A good friend of mine sent me a note today. It had been a while and she wanted updates on the usual--the beloved and child--question mark, the house we've been working on since Christmas--question mark question mark (another story, another post), more babies--question mark question mark question mark, and then food--no question mark at all. She noted this distinction. Anyone who knows me knows food is just one of those goings on that is always going on, even when too much else is also.

But it made me pause. Are food and I having problems? Do we need counseling? When is the last time I cooked dinner? (Last Thursday, I think.) What did I cook? (Roasted root veggies, Andouille sausages, and Neiman Ranch hot dogs, for Cedar.) Did I enjoy it? (Not really, I was stressed and Cedar wouldn't eat and I had left my kitchen a mess for a fairly simple meal. I remember that it tasted pretty good, in a fuzzy, I-can't-enjoy-food-when-I'm-stressed-out sort of way.) Oh! and Sunday night I made homemade pizza. But anything I cook feels clunky, lifeless. Like I'm trying too hard or not enough. Maybe the more insightful question would be: when is the last time I wanted to cook dinner? Blank. Too long. I have some kind of cooking amnesia. I am certain I can't cook much more than eggs and toast, because that is the only reason I turn on the burner. 

Dinner has been either take-out or a mish-mash of oddities (the gazillion pot stickers I made that we're not too sure about, cabbage fried, cabbage shredded, cabbage boiled, and mayo, mayo, mayo, not all at the same time).
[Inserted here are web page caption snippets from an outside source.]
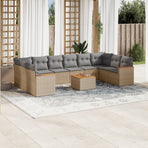 11 Piece Garden Sofa Set with Cushions Mix Beige Poly Rattan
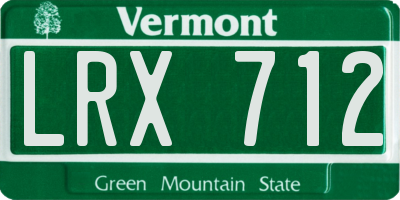 VT license plate LRX712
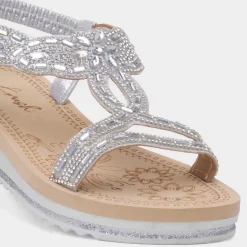 Ana Womens Silver Diamante Sandal*Krush Fashion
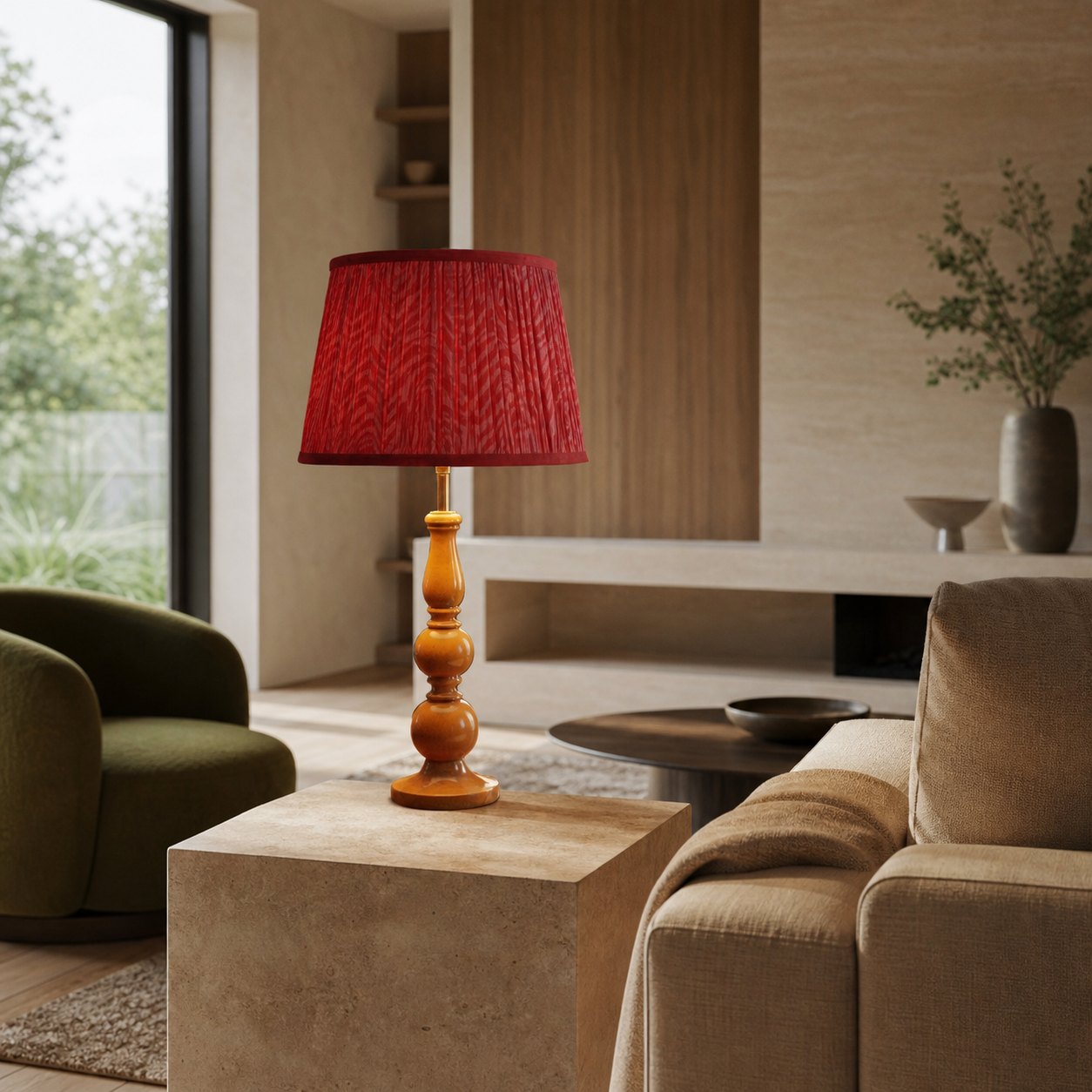Grainora Table Lamp with Wooden Grain Base – Fabric Lampshade for Living Rooms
I have personally been surviving on fruit and nuts, turkey and avocado "roll-ups" (my invention for Cedar: cut lunch meat in half, lie a slice of avocado to one side and roll like a burrito, then repeat), and, of course, eggs and toast. But I'm pretty sure that in the quiet moments I have still been, despite all appearances, able to enjoy my food. I am a little bored with the nuts, sure, and nervous--that my body will revolt against me and suddenly send me into anaphylactic shock, and I'll either die or spend the next ten years paying off the emergency bill that kept me alive, because we don't have insurance. Both scenarios are nerve-wracking. Mostly, though, I just worry that I'm not feeding my family. Cedar is still a little too short to take over as house chef, and Kevin, due to my excessive enjoyment of kitchen life, has been banished from the kitchen for too much of our life together and thus his culinary prowess is stunted. It is therefore my job to feed us, and feed us I have, but I feel I should be trying a little harder.
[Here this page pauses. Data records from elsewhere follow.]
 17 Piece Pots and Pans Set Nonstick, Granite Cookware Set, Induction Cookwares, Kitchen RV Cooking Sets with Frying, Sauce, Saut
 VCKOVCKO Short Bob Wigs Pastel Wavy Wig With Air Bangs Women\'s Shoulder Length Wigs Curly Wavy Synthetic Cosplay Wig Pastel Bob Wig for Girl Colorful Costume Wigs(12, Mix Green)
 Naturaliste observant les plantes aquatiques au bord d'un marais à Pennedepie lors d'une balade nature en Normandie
What began this road that became a rut was the simple beauty of simple beautiful food. It is comforting, after all, that the balanced combination of orange, pistachio, and date is something I can not only rely on, but also feel good about returning to every other day. The pistachios are salty, the oranges bright, and the dates deep and sweet. Cedar likes it, and so do I. I may not have followed a recipe for the last three weeks, I may have since eaten my weight in nuts, and I may soon be ready to start my own chicken farm for all the eggs we consume, but at least when I sit down and have a snack I often smile and sigh, because  peanut butter and banana is good, toasted walnuts and apples are even better, and pistachios with dates and oranges is ludicrously amazing.

The truth of the matter is though, as long as the boys are fed, they are fine. It is me who cares whether we have pasta or pizza. They don't. And what's more, they tend to like the taste of my mish-mash meals. Kitchen sink salad? As long as there is mayonnaise. Pizza with a crust that didn't rise? Great, especially if there is bacon on it. Popsicles? For dinner? Maybe. I've been working my way through last season's frozen berries, it has been hot, and I've made a lot of random popsicles. Cedar had one for breakfast this morning. Kevin might go for it. I know Cedar would. What matters is that we eat, and hopefully, that we enjoy it. Are food and I having issues? I think I can say we are not. Does that mean I'm going to cook tonight? Probably not. But then again, you don't have to cook the food or follow a recipe to make it look like dinner.


  1. Sister, you are hilarious, as usual. =)

  2. We also love turkey and avocado roll-ups! And I, too, am the one who cares what is for dinner. Kaylee and Eric (and Ben) are really not all that particular.